Üstümden atamadığım bir yorgunluk hissiyle boğuşuyorum. Uyuyunca uykumu alamadığım ve veremediğim, yediğimde doymadığım ve kusamadığım, güldüğümde neşenin o nazik kolları tarafından sarılmadığım ve bırakılmadığım bir yorgunluk hissi. Karşıtlıklar mı en çok canımı yakan yoksa kabusların gerçeğe dönüşüp en savunmasız anımda ensemde soluklanmaya başladığı zamanlar mı böylesine yorgun hissettiren? Pek çok soru var aklımda cevaplarını hiçbir zaman bulamadığım.
Yürüdüğüm bütün yollar bir dönemeç halini almaya başladı. Çaresizliğim her gece yüreğime çörekleniyor ve kafamı koyduğum yastığımda çığlık olarak hayat buluyor. Göz kapaklarım ihanet ediyor bana; ya daima açıklar ya da her daim kapatılmayı talep ediyorlar. Ne zaman yalnız hissetsem aslında kafamın içinde bu zamana değin görülmemiş büyüklükteki kadrosuyla bir tiyatronun sahne aldığını fark ediyorum. Alkışlar ve çığlıklar tebrik nârâlarına eşlik ediyor başrol sahnede kanlar içinde yatarken, soruyorum neden?
Omuzlarımda günlerdir geçmek bilmeyen bir ağrı var.

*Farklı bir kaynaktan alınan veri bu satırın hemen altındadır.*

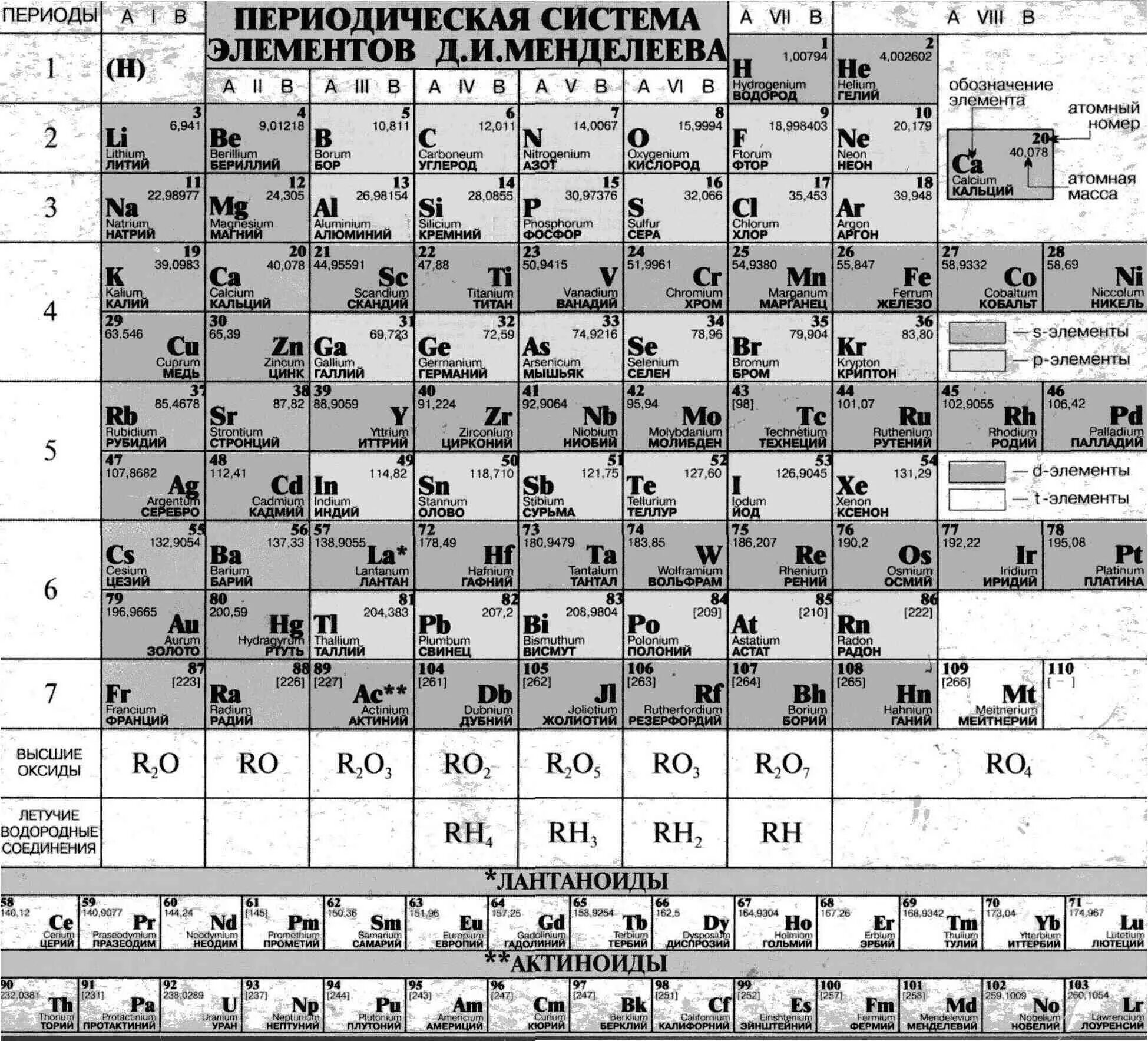 Химический элемент 60. Периодическая система химических элементов д.и. Менделеева. Периодическая система химических элементов черно-белая. Периодическая система Менделеева черно белая. Современная таблица Менделеева 118 элементов.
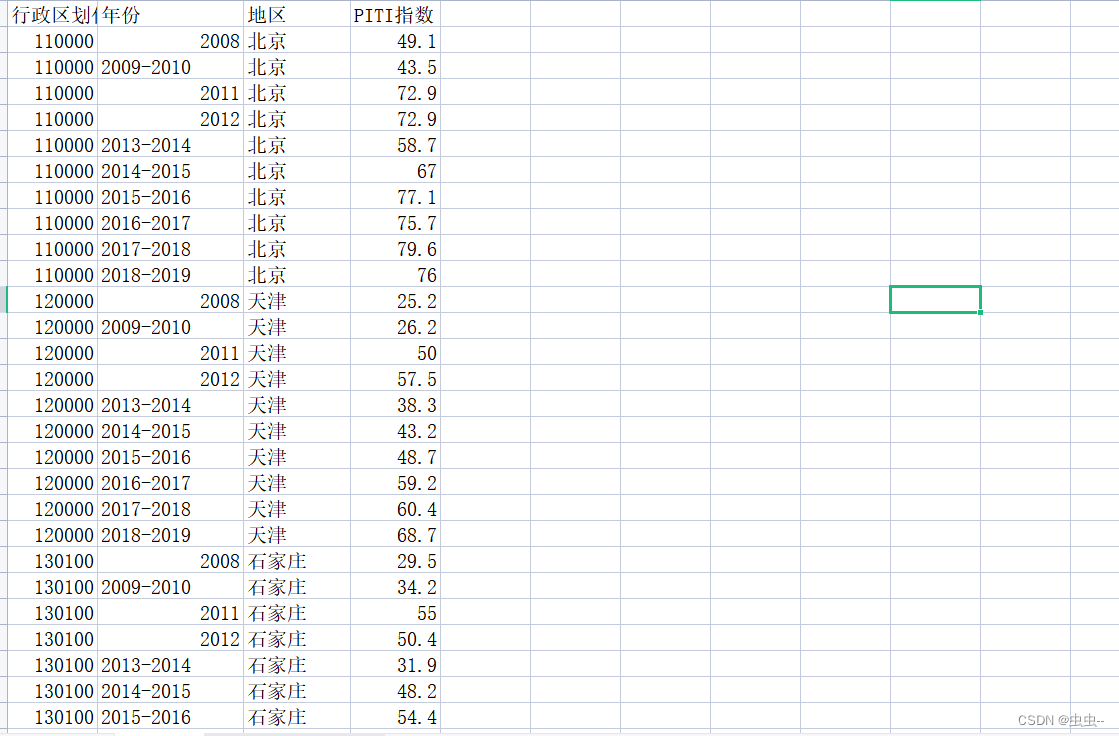 2008-2019年主要城市PITI指数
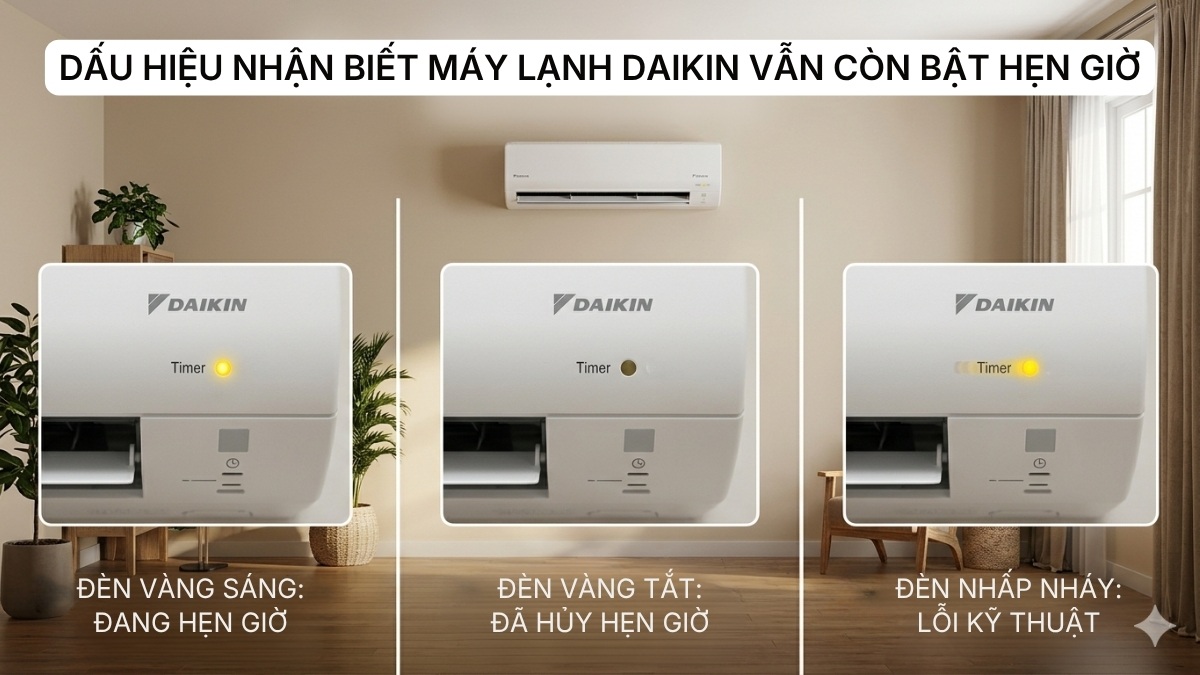 Dấu hiệu nhận biết máy lạnh Daikin vẫn còn bật hẹn giờ
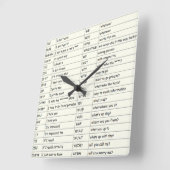 Sms'en - wandklok (I thur W) (Hoek)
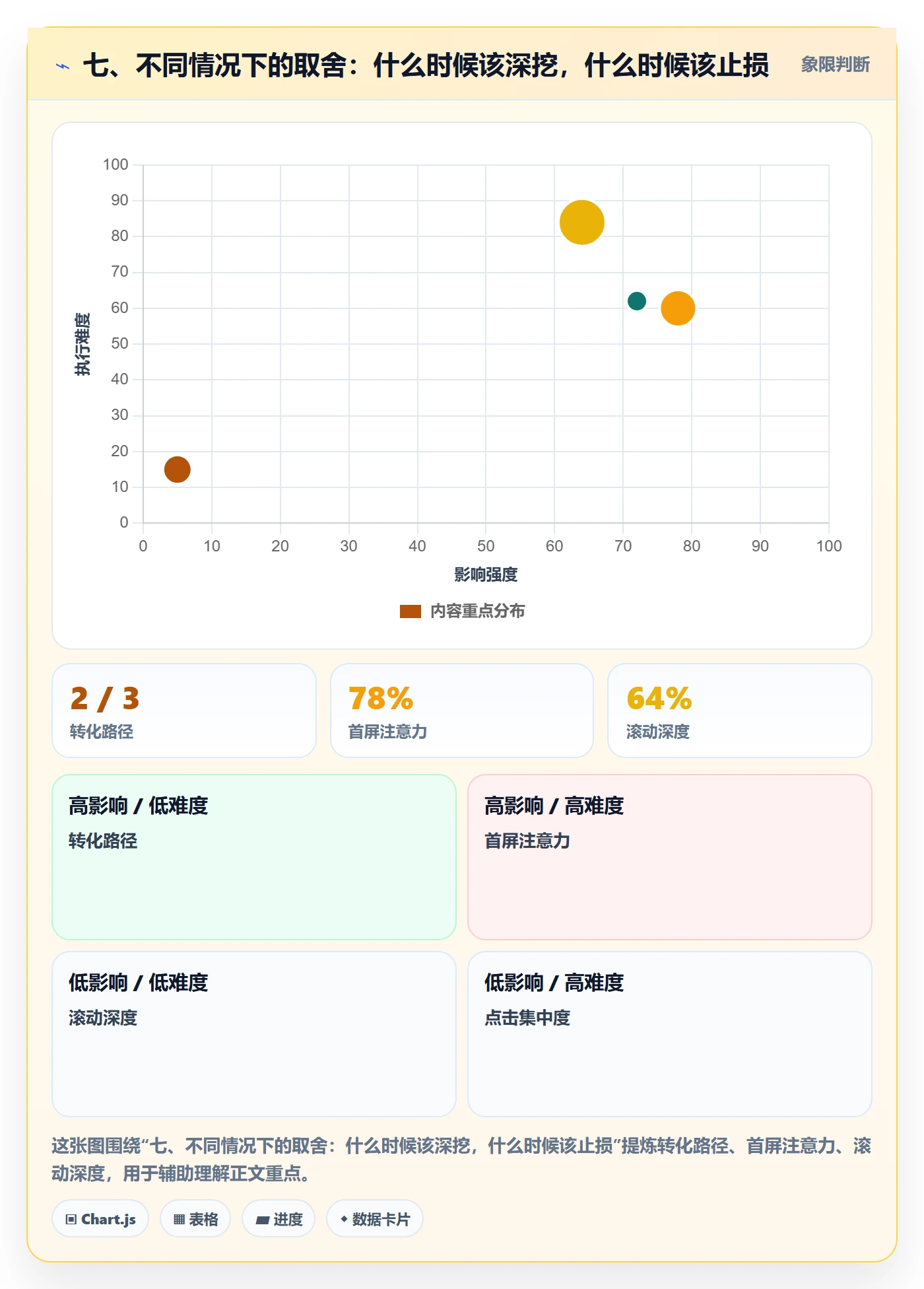 七、不同情况下的取舍：什么时候该深挖，什么时候该止损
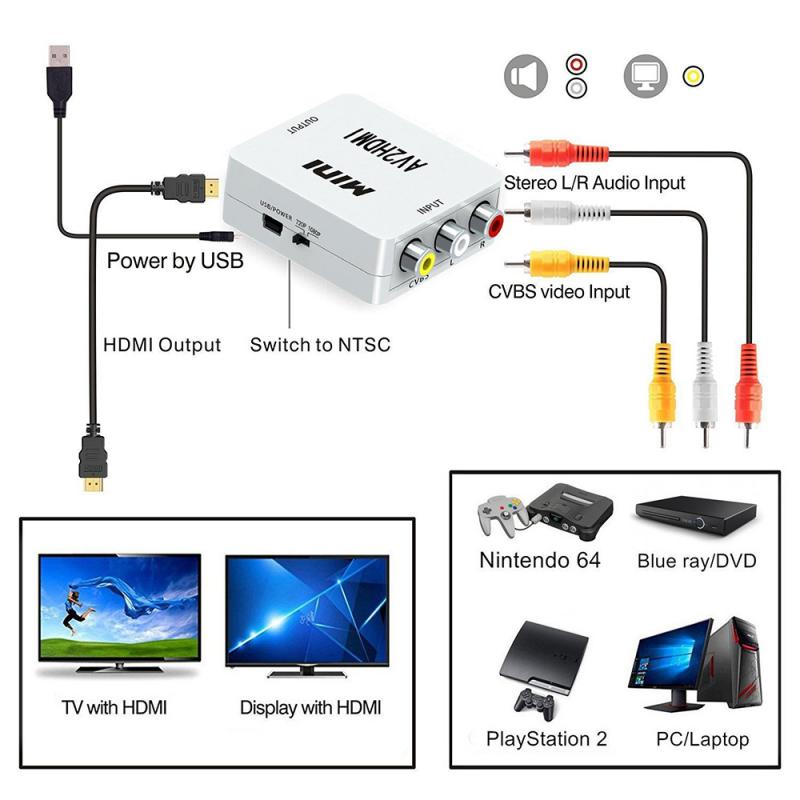 Composiet Av Cvbs 3RCA Naar Hdmi 1080P Hd Video Audio Switch Converter Adapter Kabel TXTB1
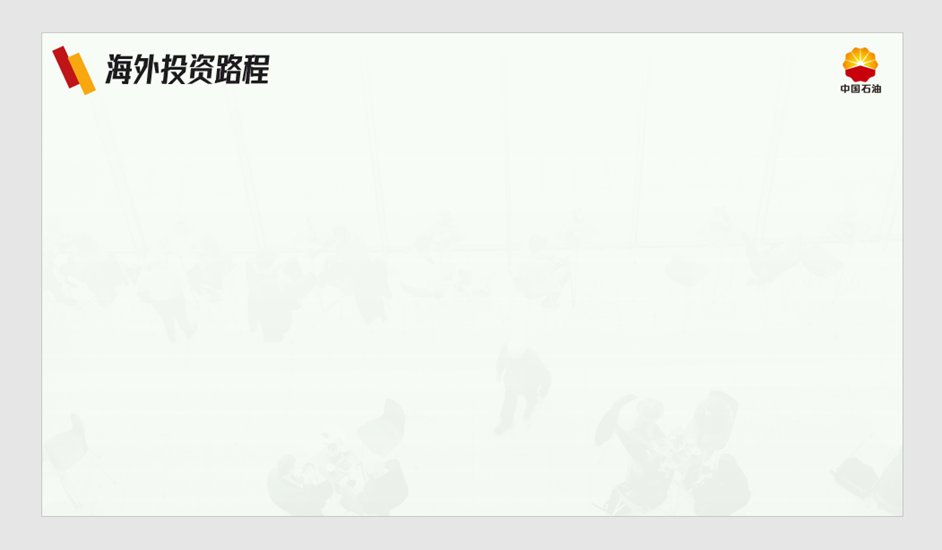 PPT教程  花了3个小时，帮粉丝改了一份中石油PPT，效果还不错！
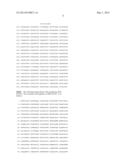 RECOMBINANT FACTOR VIII HAVING ENHANCED STABILITY FOLLOWING MUTATION AT     THE A1-C2 DOMAIN INTERFACE diagram and image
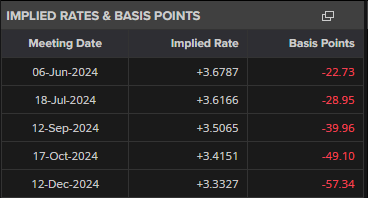 寒武纪股价紧逼茅台！最小差距只有105元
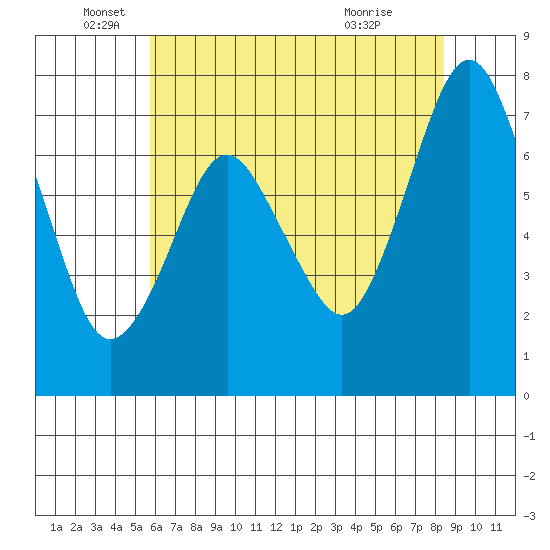 Dumbarton HW Bridge tide chart for Thursday, June 5, 2025
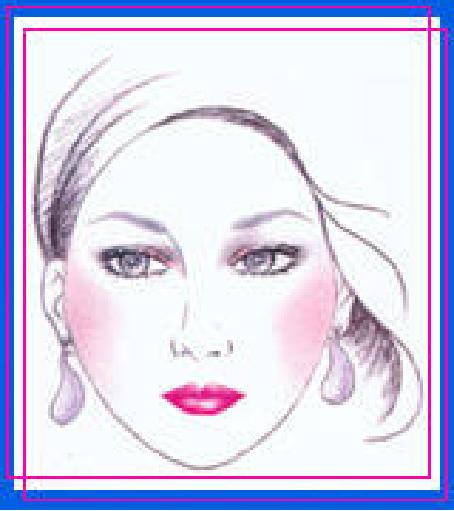 怎么给眼镜选尺寸合适的镜架,眼镜如何挑选镜框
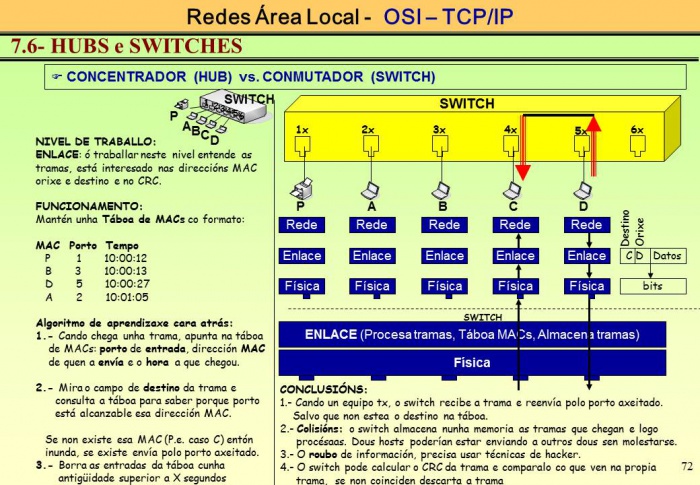 Simulacion Redes TCPIP 72.JPG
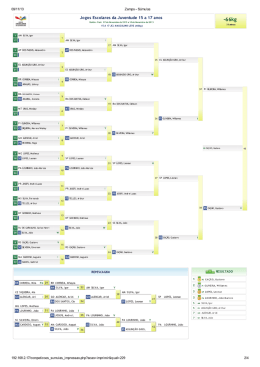 Súmulas 66kg - masculino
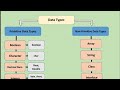 Java 09 [07-03-2025[Character data types and type casting](TAP ACCDEMY)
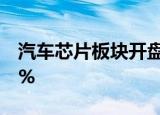 汽车芯片板块开盘异动拉升 东土科技涨超16%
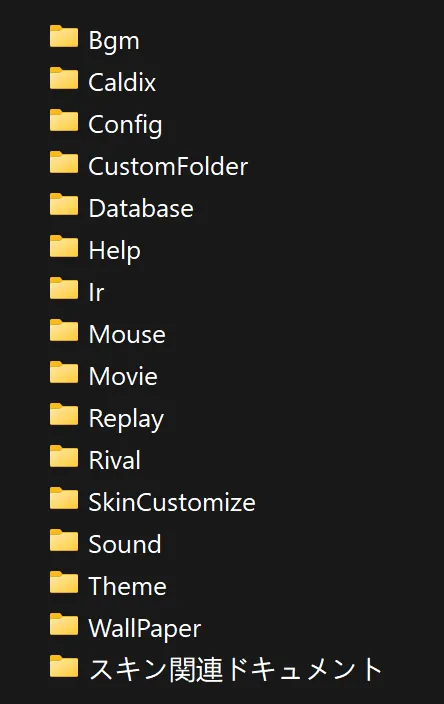 /posts/tutorial/lr2/directory-structure/assets/lr2files.webp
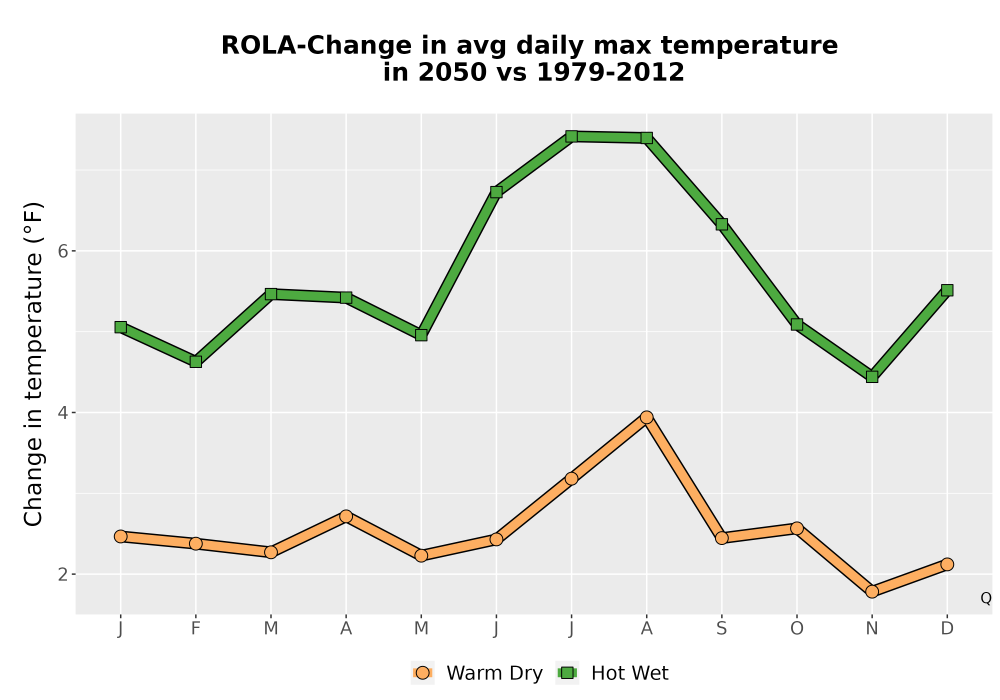 Scaled image Temp_Tmax_MonDelta_Line.png 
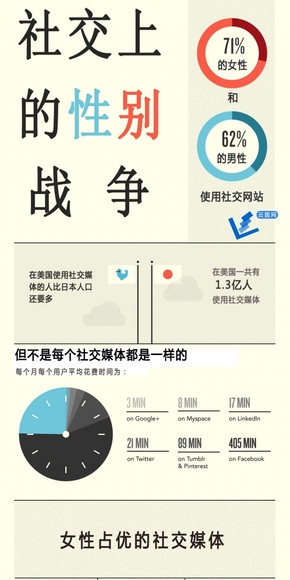 【演界信息圖表】扁平簡約-社交媒體上的性別戰(zhàn)爭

Bir kenera kıvrılıp uyumak istiyorum bir daha uyanmamak üzere. Belki uyanmazsam her şey yoluna girer. Ya da her şey gerçek anlamda sona erer, her şey yokluğun sonsuz yoluna savrulur ve geriye hiçbir şey kalmayana dek her şey ama her şey biter, biter ve bitmeye devam eder. Her şeyin bitmesini, ama gerçekten bitmesini istemek çok şey istemek anlamına mı gelir emin değilim. Keşke emin olabilsem, keşke her şeyin bir kenara kıvrılıp sonsuz bir uykuya dalmakla sona ereceği bilgisiyle kutsansam.
Cahillik mutluluktur diyorlar, değil.